# Suggest a Graphics Card 6K-8K



## aryansan (Jun 17, 2015)

Hello Guys,

Iam planning to play few games like GTA V, Farcry 4, Crysis (Latest One). I want to know which is the best graphics card currently in my budget 6000-8000. I just wanted to change graphics card and not my entire PC and Iam not a hardcore gamer just want to play the listed games.

Below is the PC Configuration details.

Mother Board : Intel DG31PR
Graphics Card : Palit HD 4650
RAM : 4GB
Processor : Intel core duo processor 2.66 GHZ

Also I would like to know if I can add two graphics card on this mother board. On the box it shows it has one PCI Xpress slot & One PCI Xpress x16 Graphics Connector.

Its pretty urgent any advise will definitely help me a lot.


----------



## SaiyanGoku (Jun 17, 2015)

Fill this:
*www.digit.in/forum/graphic-cards/149373-graphic-card-buying-advice-template.html

I don't think your budget and cpu are enough for the games you mentioned. FC4 is cpu intensive and Crysis 3, well, can bring down most sub 10k GPUs to their knees.


----------



## warfreak (Jun 17, 2015)

An AMD HD7770/R7 250x would be a good fit at 720p you may have to play at medium settings for Far Cry and Crysis. Both are basically the same card and will cost 8k.

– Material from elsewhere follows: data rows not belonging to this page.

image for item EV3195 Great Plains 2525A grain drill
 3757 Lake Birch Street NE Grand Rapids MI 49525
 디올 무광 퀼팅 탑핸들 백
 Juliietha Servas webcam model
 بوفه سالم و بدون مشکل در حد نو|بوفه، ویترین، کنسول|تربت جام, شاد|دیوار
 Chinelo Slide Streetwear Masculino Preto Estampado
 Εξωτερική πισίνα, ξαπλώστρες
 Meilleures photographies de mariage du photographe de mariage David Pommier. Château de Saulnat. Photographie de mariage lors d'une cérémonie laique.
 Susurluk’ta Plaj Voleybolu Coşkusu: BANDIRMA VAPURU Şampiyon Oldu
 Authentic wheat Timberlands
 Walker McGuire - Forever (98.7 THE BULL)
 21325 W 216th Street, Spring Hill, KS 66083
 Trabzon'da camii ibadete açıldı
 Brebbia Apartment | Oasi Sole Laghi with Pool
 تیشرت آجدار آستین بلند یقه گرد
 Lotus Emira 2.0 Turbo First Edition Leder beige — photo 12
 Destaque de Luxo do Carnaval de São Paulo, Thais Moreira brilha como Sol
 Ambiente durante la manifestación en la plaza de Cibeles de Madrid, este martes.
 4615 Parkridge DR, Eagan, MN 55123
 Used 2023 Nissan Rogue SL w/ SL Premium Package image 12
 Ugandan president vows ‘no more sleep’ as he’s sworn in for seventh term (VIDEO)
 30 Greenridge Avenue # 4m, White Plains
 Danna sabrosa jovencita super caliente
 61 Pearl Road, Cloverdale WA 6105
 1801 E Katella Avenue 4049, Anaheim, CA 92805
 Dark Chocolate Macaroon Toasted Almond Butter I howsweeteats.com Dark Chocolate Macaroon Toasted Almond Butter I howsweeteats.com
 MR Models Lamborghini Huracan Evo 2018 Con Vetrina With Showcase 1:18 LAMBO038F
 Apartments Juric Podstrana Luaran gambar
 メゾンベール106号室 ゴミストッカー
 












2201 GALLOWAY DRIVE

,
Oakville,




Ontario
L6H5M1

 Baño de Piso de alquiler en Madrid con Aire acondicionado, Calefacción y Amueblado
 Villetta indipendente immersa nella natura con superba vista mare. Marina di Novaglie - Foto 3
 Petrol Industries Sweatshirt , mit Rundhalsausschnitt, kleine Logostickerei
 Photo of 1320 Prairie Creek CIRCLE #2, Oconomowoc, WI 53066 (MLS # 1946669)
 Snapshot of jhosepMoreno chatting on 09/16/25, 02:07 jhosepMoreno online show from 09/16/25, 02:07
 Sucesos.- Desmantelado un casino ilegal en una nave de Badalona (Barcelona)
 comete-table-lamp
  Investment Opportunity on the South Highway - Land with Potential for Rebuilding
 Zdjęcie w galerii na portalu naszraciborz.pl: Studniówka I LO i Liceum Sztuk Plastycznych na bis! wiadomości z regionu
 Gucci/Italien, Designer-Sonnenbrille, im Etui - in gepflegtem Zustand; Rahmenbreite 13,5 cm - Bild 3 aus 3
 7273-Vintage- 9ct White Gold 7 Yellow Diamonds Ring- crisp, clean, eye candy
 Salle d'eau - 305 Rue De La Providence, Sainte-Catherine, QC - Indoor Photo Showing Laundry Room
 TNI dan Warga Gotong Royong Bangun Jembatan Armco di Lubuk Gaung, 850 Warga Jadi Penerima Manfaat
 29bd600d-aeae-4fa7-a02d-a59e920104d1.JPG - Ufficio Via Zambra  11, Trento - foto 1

GTA will be playable at low at 720p

If you can extend the budget, a AMD R7 260x would be the best choice at 10k and nvidia GTX 750Ti for 11k

EDIT: Core 2 Duo is quite outdated. You might want to look for a full upgrade since the games you mentioned may lead to performance issues.


----------



## bssunilreddy (Jun 17, 2015)

You can upgrade your PC partly so that you can play another 2-3 years at 720p. Here is the config:

Processor : Intel Core i3 4150 -7500,
Mother Board : Gigabyte H81M-S1 -3500,
Graphics Card : Sapphire R7 250X 1GB -7200,
RAM : Kingston HyperX Fury 1600Mhz 8GB -4000.
PSU : Antec VP450P -2500.
TOTAL : 24,700.


----------



## vito scalleta (Jun 17, 2015)

i would advice against buying a gpu for that price because ur cpu will be a bottleneck

i have a core 2 duo + 2gb ram + amd 7750 with the same mb . my max gpu utilization is around 50% while paying games so essentially my cpu is bottlenecking the gpu .


----------



## mitraark (Jun 18, 2015)

The CPU won't let you play any games you mentioned. I have a AMD X2 250 PC< i used  6670 with it, got around 5-10 fps on NFS Rivals.


----------



## NatalieGreen (Jun 18, 2015)

Nvidia GeForce GTS 450 is the best graphics card that you can use to play most of the games.
This gaming graphic card can play Batman: Arkham origins, Call of Duty Ghosts, Battlefield 4, Thief, Assassin Creed: black flag, Max Payne 3, NFS: the run, Sleeping dogs and Metal gear rising revengeance at high settings. But certain graphic demanding games like Far Cry 3, GTA 4, GTA 5, NFS rivals would be playable at medium settings provided that you have a good processor and sufficient RAM.


----------



## udaylunawat (Jun 19, 2015)

NatalieGreen said:


> Nvidia GeForce GTS 450 is the best graphics card that you can use to play most of the games.
> This gaming graphic card can play Batman: Arkham origins, Call of Duty Ghosts, Battlefield 4, Thief, Assassin Creed: black flag, Max Payne 3, NFS: the run, Sleeping dogs and Metal gear rising revengeance at high settings. But certain graphic demanding games like Far Cry 3, GTA 4, GTA 5, NFS rivals would be playable at medium settings provided that you have a good processor and sufficient RAM.



Excuse don't mind me if I am rude. But did you time travel from 2010.Buddy it's 2015 and gts 450 is totally outdated.


----------